I agree that it’s probably too time-consuming to implement an optimal solution right now where we store deltas for each version, but we could relatively easily take the wasteful approach of storing each version as a complete dir listing and when we have time we could optimise this. The changes at that stage should be transparent to the end users (except for an improvement in performance) - the behaviour and API should remain the same.

I also think that we could easily support branching of the history by changing how SD works, but we wouldn’t need to expose this via the NFS API. NFS could continue to not support rewriting history and not allow conflicting versions of a given file to coexist, but the low-level API exposing raw SD operations would enable apps to support these things.

Another disadvantage of only versioning files (which I don’t think is mentioned?) is that a file which gets removed from a dir cannot be recovered. I would think recovering deleted files would be one of the more desirable features of a versioned filesystem?

Versioning dirs would avoid this issue, and I think that it would also encourage batch changes which should be easier for the network to handle (e.g. if we’re adding 100 files to a dir, it would be cheaper for the user and easier for the network if that was put as a single version change to the dir rather than 100 individual changes).

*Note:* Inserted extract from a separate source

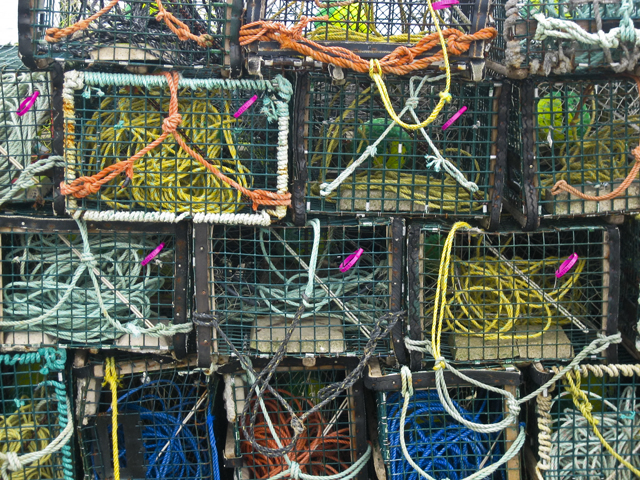 Lobster traps, NS
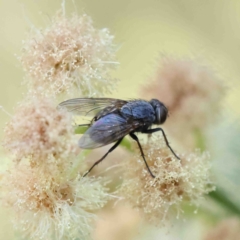 Tachinidae (family) (Unidentified Bristle fly) at O'Connor, ACT - 12 Jan 2023 by ConBoekel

ustulation · September 26, 2016, 10:08am

Both are good points - should be noted.

This sort of scare me a little - especially given the decentralised nature and all - how would things affect performance ?

If you have something (like google-docs ?) that saves changes often (flushing to the network as things could be shareable), generating a new dir-listing along with new chunks (of ImmutData if the file was larger than that contained inline in DM) can cause a lot of data floating on the network - how would that play with churn ? You could design around pointers and indirections but that would cause performance loses and unless pseudo-something is flushed out it is difficult to see how much those things would affect churn, performance etc.

Consider a snapsot that looks like: root/dir-a/dir-b and then root/dir-a. Should root be considered to be in a new version ? What would you expect ? I would for instance (and maybe I am wrong in this) expect this to be reflected in different versions of root and pull a version should restore the tree snap shot of that point - because in my head, a dir is just not what’s immediately under it, but the entire subtree under it.

ustulation · September 26, 2016, 10:15am

OTOH thinking a little more - maybe not. Again taking google-docs (which is versioned AFAIK) cannot be recovered if you deleted it (form the bin too). While in git you can go back to a commit which had the file you had deleted later. IDK which is in more demand - but here’s another way to look at it - provide a simpler, more measurable stuffs while allowing app’s to build more complex things if required ? How would that pan out ?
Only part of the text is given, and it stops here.